From the records that follow, return exactly the lines beginning at the one that contains "down syndrome teenage" and ending at the one that contains "Collection of 11", pictures left out.

# INFORMATION GIVEN

****************************************

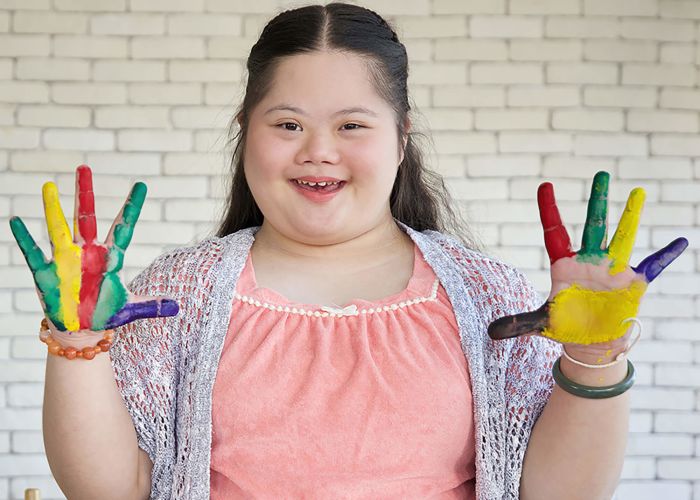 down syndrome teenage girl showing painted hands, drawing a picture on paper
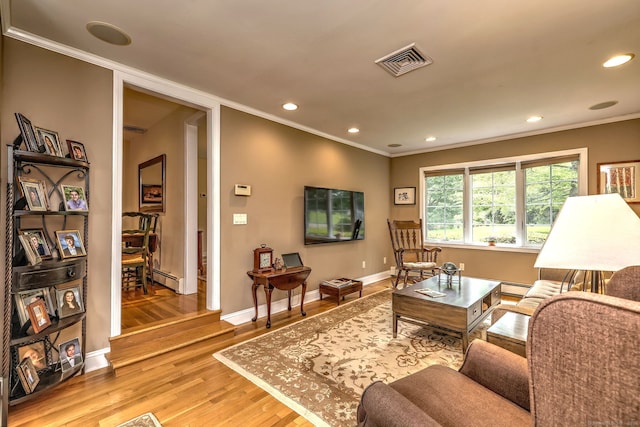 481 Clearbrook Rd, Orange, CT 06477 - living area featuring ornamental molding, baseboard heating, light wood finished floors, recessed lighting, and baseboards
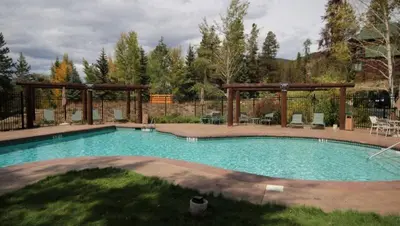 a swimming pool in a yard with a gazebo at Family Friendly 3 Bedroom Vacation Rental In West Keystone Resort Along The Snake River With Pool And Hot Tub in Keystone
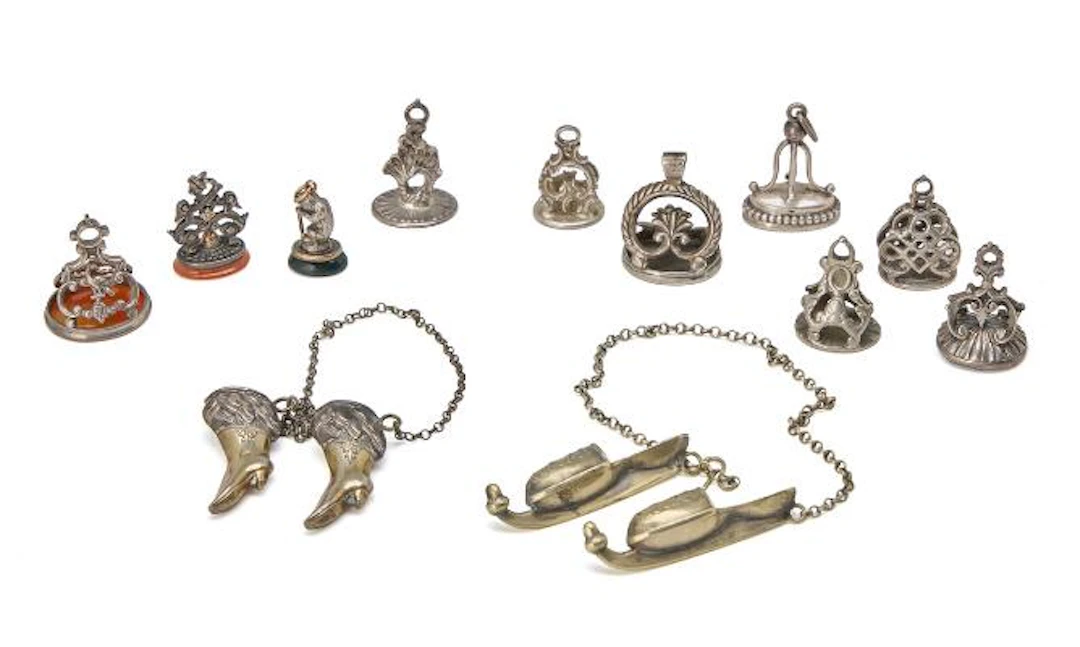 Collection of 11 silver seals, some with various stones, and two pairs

****************************************

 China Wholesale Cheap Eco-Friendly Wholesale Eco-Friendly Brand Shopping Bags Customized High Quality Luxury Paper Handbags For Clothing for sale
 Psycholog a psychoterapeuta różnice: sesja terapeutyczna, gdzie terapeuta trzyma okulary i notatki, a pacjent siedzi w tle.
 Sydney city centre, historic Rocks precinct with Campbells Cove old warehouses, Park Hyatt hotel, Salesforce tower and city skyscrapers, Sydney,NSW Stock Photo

****************************************

# SOLUTION TO THIS TASK
 down syndrome teenage girl showing painted hands, drawing a picture on paper
 481 Clearbrook Rd, Orange, CT 06477 - living area featuring ornamental molding, baseboard heating, light wood finished floors, recessed lighting, and baseboards
 a swimming pool in a yard with a gazebo at Family Friendly 3 Bedroom Vacation Rental In West Keystone Resort Along The Snake River With Pool And Hot Tub in Keystone
 Collection of 11 silver seals, some with various stones, and two pairs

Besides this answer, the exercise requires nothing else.